Testimony Tuesday - Week 13!

Welcome back! It's a beautiful Tuesday morning and can I just say "Hallelujah, woop woop" that this week is the week leading up to the grand celebration of Easter! It's my favorite time of the year and I LOVE when it closes near. The thought of Jesus conquering hell, death, and sin forever makes me wanna dance. Am I the only one?

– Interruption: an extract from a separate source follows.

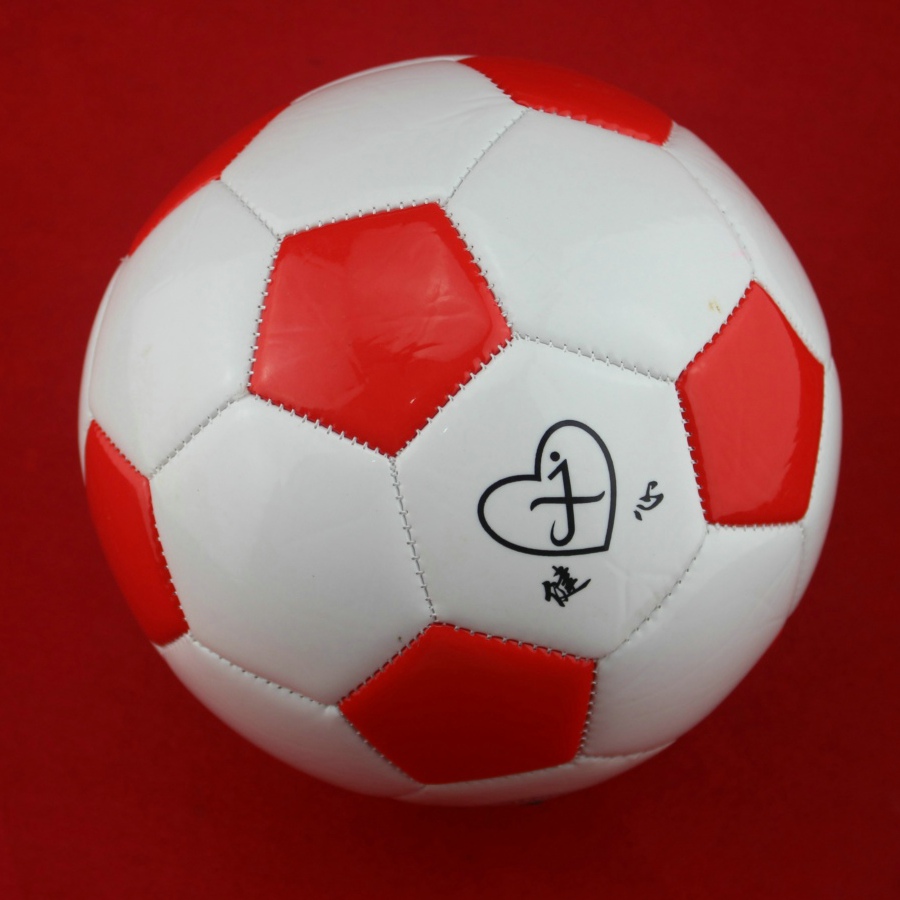 3号经典红白块足球儿童足球机缝足球 足球批发足球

 I'm so excited to share with you a special testimony today; it's from someone near and dear to my heart... my mother-in-law! I honestly couldn't pray for more genuine and joyful in-laws. My mom-in-law, Judy, is one of the most joyful people I know and I love that it is a gift given to her by our sweet Lord.
 
 

 
 
I have something very special to testify about. It’s that I received my joy back last year!
I have been a Christian for over 40 years. Married to a wonderful Godly man for 38 years and I lived with joy for much of that time….but slowly I allowed "life" to steal my JOY. Sometimes we live in difficult situations. For years God had strengthened me during difficult times and gave me strength and wisdom. He used the bad for good. But at some point slowly I allowed myself to become weary. I started asking "what about me….when is my time?" Selfishness was the start to my becoming weary…and not looking to God for my strength and for ways to bring Him glory. Instead I was looking for MY WAY to be happy! Colossians 3:17 "Whatsoever you do…do it heartily as unto the Lord and not unto man" I knew that I wasn’t suppose to live my life to please others(including myself….only God.) My dad had abused us all of my life…especially when he was drinking…then my brother committed suicide….and then my parents health began to fail (heartache can contribute to many health issues)….then my identity changed….I had been a wife and mother and LOVED it!!!! Now my nest was empty and my husband was always busy….after losing my brother, my nephew, my mom, my dad, and my grandmother….it seemed like my life was filled with one loss after another and in the midst of it all….somewhere along the way I LOST MY JOY. II Timothy 1:7 "For God has not given us the spirit of fear, but of power and of love and of a sound mind"
How did I find it you ask? Well, let me tell you about something God used to help me. A friend told me a few years ago that she had gone through an experience …a conference called "The Encounter". She couldn’t tell me much detail except that it had changed her life. So after a couple of years I had an opportunity to attend this "Encounter". I went seeking….seeking God…seeking answers to why I had so much resentment in my heart and seeking to get my JOY back. This encounter was a time away to get away from the hustle bustle and reflect, listen, and take time to hear from God. It was a time to evaluate myself and be evaluated by others. During one of the "designated "quiet times before the Lord I saw myself kneeling at His feet. As I knelt there I began to vomit. All of my bitterness and resentment was coming out of me and when it was over…I was free of all bitterness. I was happy…I had my Joy again…God immediately began filling my heart once I let go of the hardness and hurts of my heart where bitterness had been accumulating. I have been forgiven of so many wrong doings in my life by the Lord and by loved ones I have hurt. How dare I keep holding them to such a strict standard when I had not lived up to that standard myself! What a hypocrite I have been! So you see, this is not about me or what I have or have not done. It is not about others or what they have done or not done to make me happy or sad. This is about a loving God who has forgiven me. And willingly continues to forgive me. Who gave His Son to save me from my sins …to save me from myself! It’s about a Heavenly Father who loves me and wants good things for me. It’s about you and I first taking time to listen to God. It’s about seeking Him.
Since that "Encounter" I sometimes start to allow disappointments and hurts to come in to my heart and I want to mull over them and think about how much I’ve been hurt….but then I take that hurt….express my emotion and disappointment and lay it back down at the feet of Jesus. So my friends, I pray that God uses this testimony for HIS GLORY and that you are drawn to His goodness and faithfulness.
Blessings!
 
Judy


Guide me in your truth and teach me, for you are God my Savior, and my hope is in you all day long

 
Psalm 31:24

Be strong and take heart, all you who hope in the Lord.